Pakistanis in Singapore

Total population
- 4,562 (2012)

Languages
- Urdu, English, Malay

Religion
- Islam

Related ethnic groups
- Pakistanis in Malaysia Pakistani diaspora

= Pakistanis in Singapore =

Pakistani diaspora in Singapore

Pakistanis in Singapore include migrants who settled in colonial-era Singapore, their descendants and more recent migrants, including students. As of 2010, the National University of Singapore Pakistani Society had at least 120 members. The Singapore Urdu Development Centre offers classes in Urdu language to the children of Pakistanis, whereas the Singapore Pakistani Association promotes Pakistani culture in Singapore in collaboration with the Pakistan high commission.

==History==
Most Singaporean-Pakistanis are descended from migrants from the Punjab and North-West Frontier Province who settled in Singapore during the period of British colonial rule. While the first generation of migrants spoke Pakistani languages, the second and third generations were taught in Malay at school, and acculturation into the Malay language and culture were also assisted by Pakistan families' reliance on their Malay neighbours for religious obligation such as weddings and funerals and the lack of a "Pakistani" mosque.
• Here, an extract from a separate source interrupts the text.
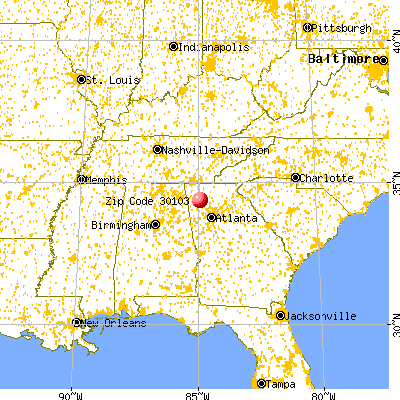 Adairsville, GA (30103) map from a distance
Malay is the first language of most third-generation Singaporean-Pakistanis.

==Notable people ==
- Saad Janjua - Cricketer in Singapore National Cricket team.
- Shauket Aziz - Former Pakistani PM, spend several years working in Singapore Citibank in 1990s.
- Captain Muhammad Jalaluddin Sayeed - NOL's founding Managing Director, and Singapore maritime industry key pioneer.
- Ali Zahid, Pakistani politician
- Nida Manzoor, lived in Singapore to the age of ten.